The Hero Leads
Welcome, The Hero Leads readers. Thank you for following the link from the book to this page.
(If you don’t have a copy yet, you can find it on Amazon.)
Chapter 8: The Ordeal
In this stage of the Hero’s Journey, you endure the pressure. Your plan has collided with reality. The initial optimism is gone, progress is painfully slow, and resistance is mounting. The goal at this stage is to hold your ground. You must navigate the tension between pushing for results and protecting your team from burnout, all while finding the grit to keep going.
Questions to ask yourself
- Are you leading with clear intention, or are you just managing the chaos?
- What early signs of burnout are you ignoring in yourself and your team?
- When opponents slow you down with irrelevant issues, are you exposing their tactics or suffering in silence?
- Are you holding the mission tight but the method loosely?
- Is your current approach failing, and do you have the courage to pivot the route?

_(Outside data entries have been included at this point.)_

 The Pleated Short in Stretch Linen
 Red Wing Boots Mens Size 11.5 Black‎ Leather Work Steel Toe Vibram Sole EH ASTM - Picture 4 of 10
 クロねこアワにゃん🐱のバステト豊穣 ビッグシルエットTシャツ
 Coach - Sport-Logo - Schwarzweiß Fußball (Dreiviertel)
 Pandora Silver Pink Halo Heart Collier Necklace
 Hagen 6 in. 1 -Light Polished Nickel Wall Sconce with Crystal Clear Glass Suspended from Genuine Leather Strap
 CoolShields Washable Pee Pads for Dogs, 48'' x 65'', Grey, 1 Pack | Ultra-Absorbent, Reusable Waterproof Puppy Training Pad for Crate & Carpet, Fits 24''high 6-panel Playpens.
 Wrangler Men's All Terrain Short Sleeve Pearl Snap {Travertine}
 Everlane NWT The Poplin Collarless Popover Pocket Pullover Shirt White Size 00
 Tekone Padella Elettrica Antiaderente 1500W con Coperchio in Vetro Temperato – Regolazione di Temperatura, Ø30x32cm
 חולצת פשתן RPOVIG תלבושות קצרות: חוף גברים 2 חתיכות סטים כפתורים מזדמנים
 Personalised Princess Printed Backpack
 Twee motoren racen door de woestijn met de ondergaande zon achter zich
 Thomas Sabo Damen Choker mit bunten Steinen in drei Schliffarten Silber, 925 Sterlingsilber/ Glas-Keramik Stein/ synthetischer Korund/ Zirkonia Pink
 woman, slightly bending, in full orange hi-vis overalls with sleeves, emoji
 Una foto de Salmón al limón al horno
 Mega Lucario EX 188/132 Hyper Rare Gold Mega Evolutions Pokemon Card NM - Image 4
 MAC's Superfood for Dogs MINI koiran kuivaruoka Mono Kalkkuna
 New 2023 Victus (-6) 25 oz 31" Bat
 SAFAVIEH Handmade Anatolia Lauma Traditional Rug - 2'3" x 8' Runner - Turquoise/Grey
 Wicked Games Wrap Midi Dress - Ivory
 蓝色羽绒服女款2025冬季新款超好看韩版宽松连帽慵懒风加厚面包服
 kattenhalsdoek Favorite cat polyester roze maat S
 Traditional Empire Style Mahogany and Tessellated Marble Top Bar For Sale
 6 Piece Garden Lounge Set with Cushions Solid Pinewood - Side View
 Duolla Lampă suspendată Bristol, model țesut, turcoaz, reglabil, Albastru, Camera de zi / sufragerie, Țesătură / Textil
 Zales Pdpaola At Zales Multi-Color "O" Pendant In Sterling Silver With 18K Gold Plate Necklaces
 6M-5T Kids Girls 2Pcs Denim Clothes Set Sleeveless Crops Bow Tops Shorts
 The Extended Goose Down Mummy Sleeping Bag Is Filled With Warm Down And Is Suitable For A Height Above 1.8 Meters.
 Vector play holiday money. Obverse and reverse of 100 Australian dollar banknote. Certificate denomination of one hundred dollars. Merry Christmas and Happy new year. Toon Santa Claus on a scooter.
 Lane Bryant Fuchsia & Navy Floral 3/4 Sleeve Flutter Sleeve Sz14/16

- Are you clinging to a doomed project out of pride, or is it truly time to admit defeat?
Hold the line
Every project begins with optimism. Then reality hits. Plans unravel. Budgets tighten. Your allies get tired. You have entered the Ordeal.
This is the stretch where progress slows and results do not match the effort. It is tempting to push yourself and your team to the breaking point. You might think relentless pressure is the only way through. It is not. High performance without recovery leads to burnout. You must manage the human burn rate. Push hard when the survival of the mission demands it. Step back and offer support when your people need it.
Lead with intention. Keep the destination stable while remaining flexible on the path. When obstacles block your way, pivot. Change your approach. The tools can change, but the purpose endures. Meanwhile, saboteurs will try to stall you with endless committees and irrelevant details. Expose their tactics. Make their obstructions visible to everyone.
Finally, remember that the journey is a means, not the end. The Ordeal is not your permanent home. When the goal is met, declare victory. If the effort is failing and draining your resources, admit defeat and stop. Quitting the wrong thing takes as much courage as starting the right one.
Are you running the mission, or is the mission running you?